Le but initial des PCUS était l'amélioration du signal en échographie Doppler couleur et intéressait tout particulièrement les cardiologues. Aujourd'hui, l'objectif des études en cours (sur la stabilité des PCUS et sur les matériels d'échographie) est l'imagerie de perfusion en temps réel des tumeurs. Ils améliorent l'examen par modification de l'intensité normale du signal ; pour l'instant par augmentation du signal. On dénombre différents types de produits de contraste selon leur distribution exclusive ou non dans un organe ou tissu (spécificité d'organes) et le temps durant lequel cette spécificité se prolonge (spécificité plus ou moins prolongée). La possibilité d'obtenir une image utile repose sur une concentration sélective du produit de contraste sur l'organe cible et sa rétention par les tissus hypoéchogènes (tumoraux, par exemple).

En imagerie, l'utilisation de PCUS met en jeu des caractéristiques spécifiques d'émission des ultrasons. Puissance acoustique, fréquence de réception et nombre d'impulsions sont autant de paramètres qui conditionnent le comportement physique des micro bulles (vibration, destruction, etc.) et donc la réponse ultrasonore de retour. La méthode d'analyse se base essentiellement sur le travail en imagerie harmonique en distinguant deux stratégies

* La première technique, que l'on pourrait qualifier d'imagerie harmonique « mono-impulsionnelle » simple consiste à utiliser un signal d'index mécanique élevé pour obtenir un signal harmonique important. Elle a pour défaut de détruire les bulles. C'est pourquoi on peut employer une émission continue ou intermittente d'ultrasons pour les études de perfusion (mode « Contrast Tune Imaging » de ESAOTE, mode « Flash Echo » de TOSHIBA). La destruction localisée des bulles sous l'action du faisceau d'ultrasons est une technique prometteuse qui devrait permettre de délivrer des médicaments uniquement sur des cibles bien localisées.
* La seconde technique, l'« imagerie harmonique de soustraction », consiste à mettre en évidence un signal harmonique plus faible par soustraction du signal à propagation linéaire soit à partir d'émissions mono impulsionnelles (« Coherent Imaging Single Pusle Cancellation » par SIEMENS-ACUSON), soit à partir d'inversion des phases (PHILIPS et SIEMENS). L'intensité de l'onde émise ne provoque pas la destruction des bulles du produit de contraste. TOSHIBA possède également un mode nommé « Real Time Flash Echo Imaging » de soustraction des images avant et après destruction des micro bulles.

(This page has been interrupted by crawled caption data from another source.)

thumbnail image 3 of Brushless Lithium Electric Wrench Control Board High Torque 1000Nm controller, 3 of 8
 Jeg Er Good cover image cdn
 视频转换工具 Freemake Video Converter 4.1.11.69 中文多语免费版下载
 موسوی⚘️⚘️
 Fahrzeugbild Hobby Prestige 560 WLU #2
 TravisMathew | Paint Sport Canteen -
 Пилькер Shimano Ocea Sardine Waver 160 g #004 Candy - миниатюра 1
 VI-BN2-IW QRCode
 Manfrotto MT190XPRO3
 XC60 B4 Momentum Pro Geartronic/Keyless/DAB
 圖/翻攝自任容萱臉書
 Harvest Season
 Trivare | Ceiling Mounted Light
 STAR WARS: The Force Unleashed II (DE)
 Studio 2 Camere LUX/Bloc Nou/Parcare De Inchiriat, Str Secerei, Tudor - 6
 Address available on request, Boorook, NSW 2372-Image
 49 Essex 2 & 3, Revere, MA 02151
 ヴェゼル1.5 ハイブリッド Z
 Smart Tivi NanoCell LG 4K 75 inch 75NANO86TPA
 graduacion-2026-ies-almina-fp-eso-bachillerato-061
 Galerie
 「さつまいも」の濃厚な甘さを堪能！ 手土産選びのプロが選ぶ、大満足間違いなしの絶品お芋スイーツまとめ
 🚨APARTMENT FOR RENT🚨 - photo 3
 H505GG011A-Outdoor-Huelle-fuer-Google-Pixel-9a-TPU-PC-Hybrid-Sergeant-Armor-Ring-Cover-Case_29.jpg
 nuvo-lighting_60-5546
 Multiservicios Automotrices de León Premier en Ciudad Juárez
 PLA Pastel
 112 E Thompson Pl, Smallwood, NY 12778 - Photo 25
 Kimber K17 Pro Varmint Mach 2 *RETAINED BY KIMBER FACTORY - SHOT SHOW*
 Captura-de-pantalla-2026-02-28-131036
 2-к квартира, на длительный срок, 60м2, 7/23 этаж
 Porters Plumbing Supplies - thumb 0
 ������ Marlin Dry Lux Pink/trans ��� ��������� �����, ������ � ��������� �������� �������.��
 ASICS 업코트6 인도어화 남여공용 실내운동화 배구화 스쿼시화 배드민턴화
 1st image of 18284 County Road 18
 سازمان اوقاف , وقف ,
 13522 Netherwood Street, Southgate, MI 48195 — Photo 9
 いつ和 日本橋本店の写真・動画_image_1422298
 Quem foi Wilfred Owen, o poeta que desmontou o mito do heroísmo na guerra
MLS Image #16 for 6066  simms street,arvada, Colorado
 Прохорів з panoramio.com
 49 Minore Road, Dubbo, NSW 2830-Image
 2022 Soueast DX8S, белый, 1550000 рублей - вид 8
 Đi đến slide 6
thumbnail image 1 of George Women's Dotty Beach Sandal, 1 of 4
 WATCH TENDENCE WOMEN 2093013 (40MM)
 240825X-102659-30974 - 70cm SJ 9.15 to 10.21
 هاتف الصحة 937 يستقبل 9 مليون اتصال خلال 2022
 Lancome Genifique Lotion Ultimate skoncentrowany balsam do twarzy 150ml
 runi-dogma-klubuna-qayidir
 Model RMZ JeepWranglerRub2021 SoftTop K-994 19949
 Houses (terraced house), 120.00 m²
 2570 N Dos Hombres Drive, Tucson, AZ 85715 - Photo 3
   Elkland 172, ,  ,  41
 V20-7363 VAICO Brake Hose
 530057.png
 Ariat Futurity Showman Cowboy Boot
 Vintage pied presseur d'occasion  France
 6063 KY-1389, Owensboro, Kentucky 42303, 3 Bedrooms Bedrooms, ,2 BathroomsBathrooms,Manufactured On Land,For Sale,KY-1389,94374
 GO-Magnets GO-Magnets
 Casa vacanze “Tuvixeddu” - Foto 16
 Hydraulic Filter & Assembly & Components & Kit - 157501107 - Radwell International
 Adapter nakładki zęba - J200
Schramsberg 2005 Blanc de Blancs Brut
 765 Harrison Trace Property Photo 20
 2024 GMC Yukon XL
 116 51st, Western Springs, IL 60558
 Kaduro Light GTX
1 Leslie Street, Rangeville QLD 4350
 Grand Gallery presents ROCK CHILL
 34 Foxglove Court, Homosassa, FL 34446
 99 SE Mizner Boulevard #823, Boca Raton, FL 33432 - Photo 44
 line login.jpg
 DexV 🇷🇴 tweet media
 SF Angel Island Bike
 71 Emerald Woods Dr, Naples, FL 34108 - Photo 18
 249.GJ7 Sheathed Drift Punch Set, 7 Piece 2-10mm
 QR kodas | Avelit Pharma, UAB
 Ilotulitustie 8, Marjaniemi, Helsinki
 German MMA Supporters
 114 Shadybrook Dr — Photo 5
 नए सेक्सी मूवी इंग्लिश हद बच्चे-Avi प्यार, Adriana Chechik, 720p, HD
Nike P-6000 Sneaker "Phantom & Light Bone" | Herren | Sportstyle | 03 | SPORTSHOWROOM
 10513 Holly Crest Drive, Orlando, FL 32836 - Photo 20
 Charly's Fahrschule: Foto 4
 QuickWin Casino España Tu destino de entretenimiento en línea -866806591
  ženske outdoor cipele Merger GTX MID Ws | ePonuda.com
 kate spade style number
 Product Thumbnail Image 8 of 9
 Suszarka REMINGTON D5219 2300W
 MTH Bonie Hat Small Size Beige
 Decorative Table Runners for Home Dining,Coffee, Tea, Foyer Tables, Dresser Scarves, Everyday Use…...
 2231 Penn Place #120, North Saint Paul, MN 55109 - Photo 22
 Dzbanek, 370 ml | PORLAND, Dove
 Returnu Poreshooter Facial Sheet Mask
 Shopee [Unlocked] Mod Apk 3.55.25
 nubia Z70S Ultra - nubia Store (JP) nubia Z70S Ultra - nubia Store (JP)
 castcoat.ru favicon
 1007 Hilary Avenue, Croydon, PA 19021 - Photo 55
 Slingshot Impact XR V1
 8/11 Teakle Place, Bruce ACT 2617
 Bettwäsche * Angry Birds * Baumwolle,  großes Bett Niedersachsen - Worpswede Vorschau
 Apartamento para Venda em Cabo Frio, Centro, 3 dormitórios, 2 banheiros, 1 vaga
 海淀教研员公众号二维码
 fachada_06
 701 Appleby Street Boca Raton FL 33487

Alors que les techniques d'imagerie sont déjà disponibles depuis quelques années, les produits de contraste, annoncés depuis 10 ans bientôt, connaissent un développement très lent. Les constructeurs d'échographes soulignent d'ailleurs cette contradiction entre la rapidité des évolutions technologiques et les lenteurs de mise à disposition de produits de contraste, notamment dues aux procédures lourdes d'obtention d'autorisation de mise sur le marché. Il s'agit de trouver des produits spécifiques, bon émetteur et qui répondent à des critères de sécurité pour le patient. Pour ce qui est de leur diffusion, le remboursement d'un médicament utilisé en séance d'échographie doit être fixé et accepté

La synchronisation du passage des PCUS reste également moins évidente que sur d'autres modalités comme le scanner ou l'IRM. L'auto détection semble quasi impossible du fait des mouvements organe/patient/opérateur. Enfin la maîtrise des différents éléments image/sonde/réglage/injection réclame une certaine habitude, voire une expertise et un calme à toute épreuve.

L'imagerie ultrasonore holographique (technologie DEI : Diffractive Energy Imaging)

La formation d'une image en temps réel passe par deux étapes, acoustique puis optique. L'image optique est recueillie par une caméra CCD et visualisée sur un moniteur.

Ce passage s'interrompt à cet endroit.